Ministério de Minas e Energia (MME) abre consultas públicas que preveem a contratação de termelétricas fósseis, consideradas as mais poluentes. Anúncio marca a volta do carvão à agenda de leilões de energia no Brasil após 11 anos
Faltando 76 dias para a Conferência das Nações Unidas sobre Mudanças Climáticas (COP30), em Belém (PA), o governo federal reacendeu uma polêmica no setor energético ao publicar novas diretrizes para o Leilão de Reserva de Capacidade (LRCAP) 2026. A medida, oficializada, na última sexta-feira (22/8) pelo Ministério de Minas e Energia (MME), prevê a contratação de potência elétrica a partir de usinas movidas a gás natural, carvão mineral e óleo diesel, consideradas fontes fósseis de alta emissão de gases de efeito estufa. A COP30 acontece de 10 a 21 de novembro.
O anúncio marca a volta do carvão à agenda de leilões de energia no Brasil após 11 anos. De acordo com dados do Instituto Internacional Arayara, a última contratação de uma térmica a carvão ocorreu em 2014, com a Usina Pampa Sul, em Candiota (RS). Desde então, o país vinha reduzindo gradualmente a participação dessa fonte na matriz elétrica por causa de seus impactos ambientais. A decisão do MME surpreendeu ambientalistas justamente em um momento em que o Brasil tenta se firmar como liderança global na transição energética.
O LRCAP 2025, que estava programado para acontecer em abril passado foi cancelado pela Justiça, após gerar forte reação de organizações de proteção ambiental, que levantaram questionamentos sobre os riscos e irregularidades no processo. Segundo o gerente de transição energética do Instituto Internacional Arayara, John Wurdig, aquele edital projetava emissões de até 1,11 gigatoneladas de CO2 até 2050, caso as usinas cadastradas entrassem em operação.
“Agora, com o LRCAP 2026, o cenário se torna ainda mais preocupante, uma vez que o edital inclui não apenas térmicas a carvão mineral, mas também aquelas a óleo diesel, o que dificulta até mesmo estimar o volume total de emissões adicionais”, afirmou.
Entre os críticos, a percepção é de que o novo leilão beneficia diretamente a UTE Candiota III, localizada no Rio Grande do Sul. O empreendimento acumula mais de R$ 200 milhões em multas aplicadas pelo Ibama, enfrenta questionamentos na Justiça Federal e chegou a ter a operação suspensa pela Agência Nacional de Energia Elétrica (Aneel) em 2024, devido a falhas técnicas e ambientais.
Apesar desse histórico, a usina voltou a receber repasses milionários da Conta de Desenvolvimento Energético (CDE), recurso pago pelos consumidores brasileiros.
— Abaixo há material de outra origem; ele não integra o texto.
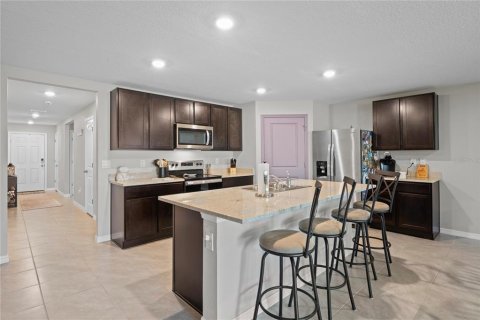 House in Spring Hill, Florida 4 bedrooms, 169.83 sq.m. № 1757558 - photo 9
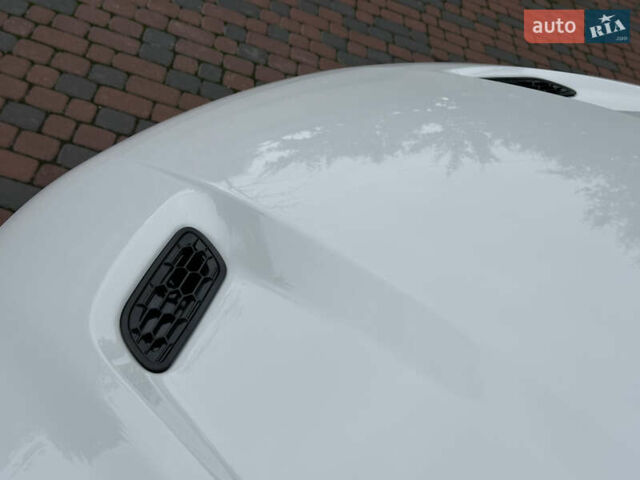 Белый Додж Hornet, объемом двигателя 2 л и пробегом 4 тыс. км за 25150 $, фото 122 на Automoto.ua
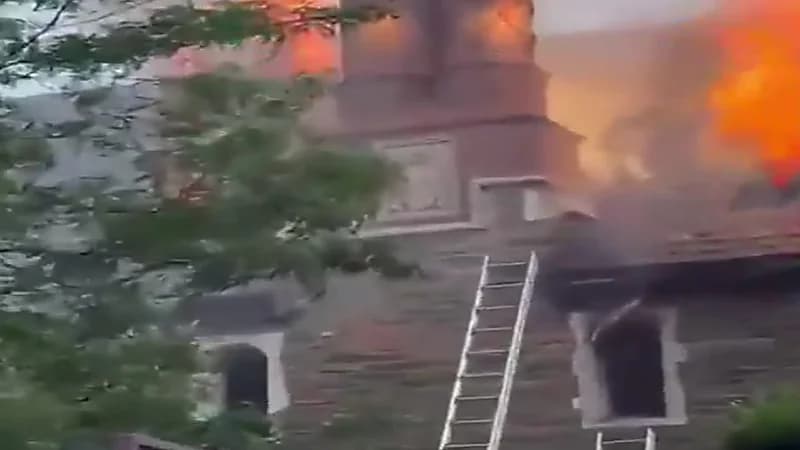 حريق هائل يلتهم قصر فاخر قرب منزل أوباما في واشنطن.. فيديو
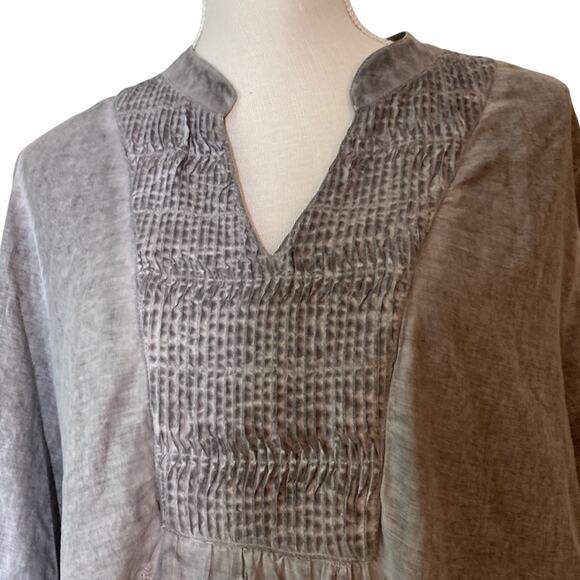 Sweet Magnolia Gray Embroidered Top Size Large - Picture 1 of 6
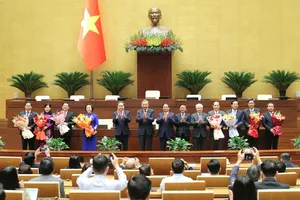Lãnh đạo Đảng, Nhà nước tặng hoa chúc mừng các đồng chí vừa được bổ nhiệm. Ảnh: VIẾT CHUNG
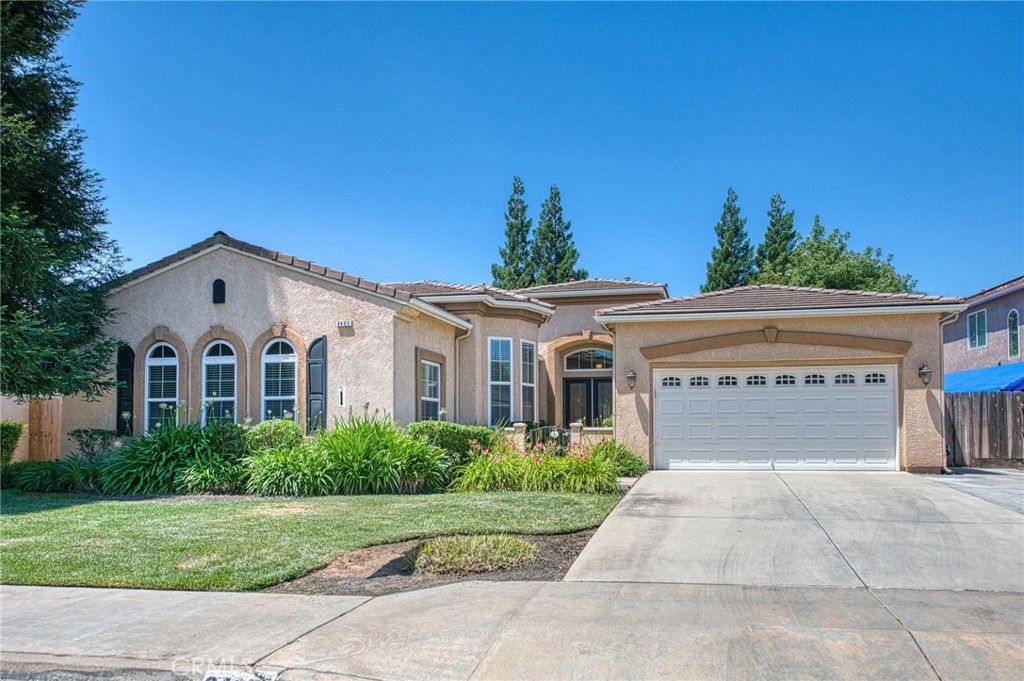 Image 1 of property listing at 8405 N Paula, Fresno, CA 93720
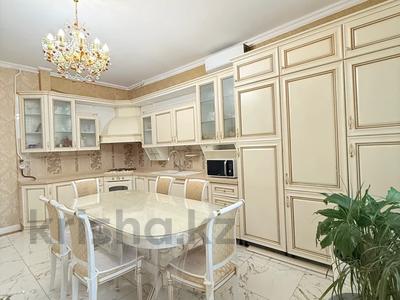 Аренда квартир в Алматы: 5-комнатная квартира · 219 м² · 2/7 этаж, Панфилова 113 — Гоголя за 1 млн 〒 5-комнатная квартира · 219 м² · 2/7 этаж, Панфилова 113 — Гоголя за 1 млн 〒 в Алматы, Алмалинский р-н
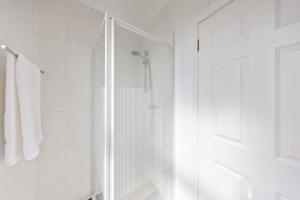 Modern King Bed WiFi Kitchen Perfect for Long Stay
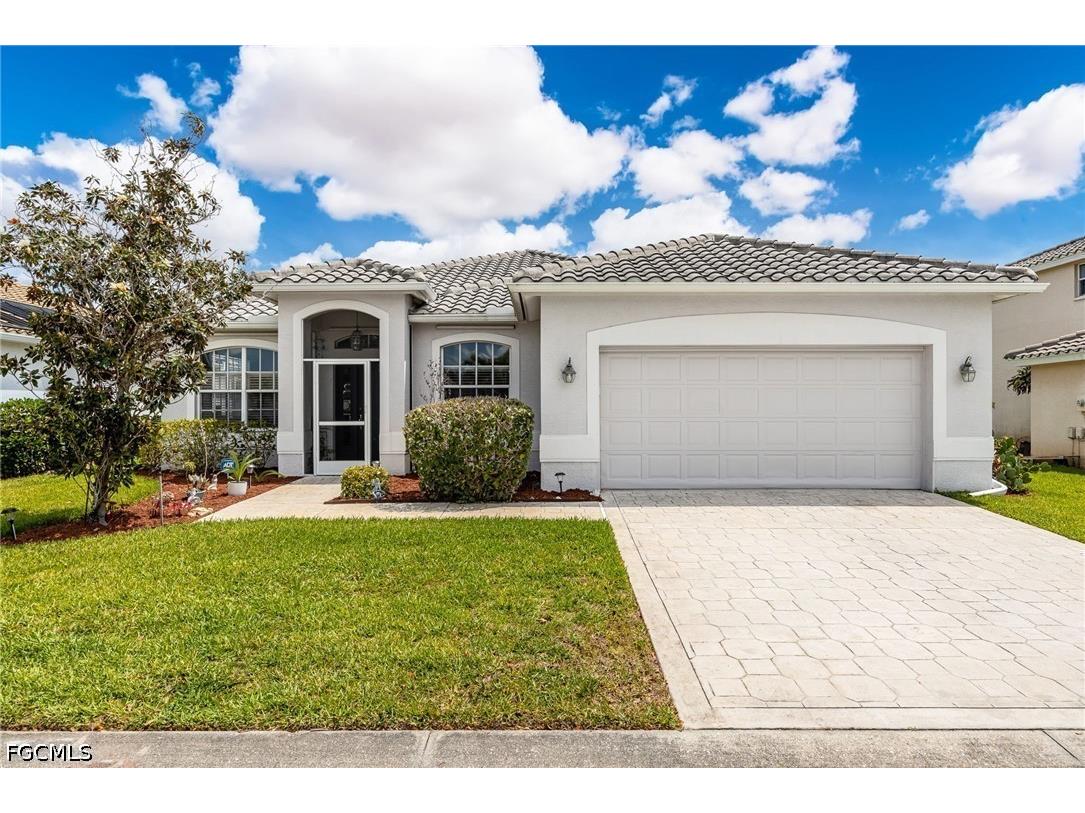 11062 Lakeland Circle Fort Myers FL 33913 2026017717 image1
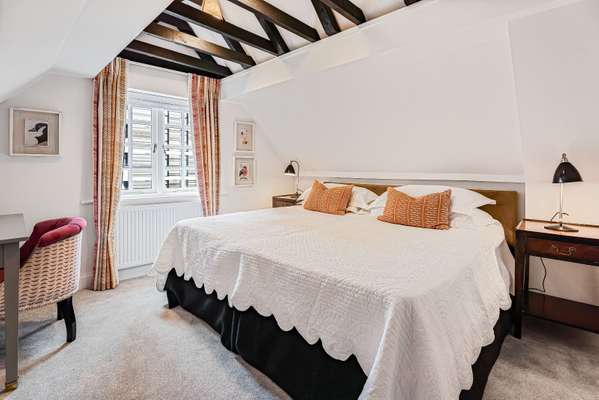 Flat Shoreditch High Street in Greater London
Somente em junho e julho deste ano, mais de R$ 26 milhões foram transferidos à empresa Âmbar Energia, controlada pelo grupo J&F Investimentos, para manter a produção e a comercialização de energia.
Wurdig denuncia que a inclusão da consulta aponta para um beneficiamento direto da UTE Candiota. “O Brasil não tem novos projetos de licenciamento ambiental de usinas a carvão em andamento. Essa inclusão parece uma manobra para contemplar a UTE Candiota III”, alertou.
O Correio procurou o Ministério de Minas e Energia e a Âmbar Energia, pertencente ao grupo J&F Investimentos, controladora também do grupo JBS, mas até a publicação desta matéria não obteve retorno. O espaço segue aberto para manifestação.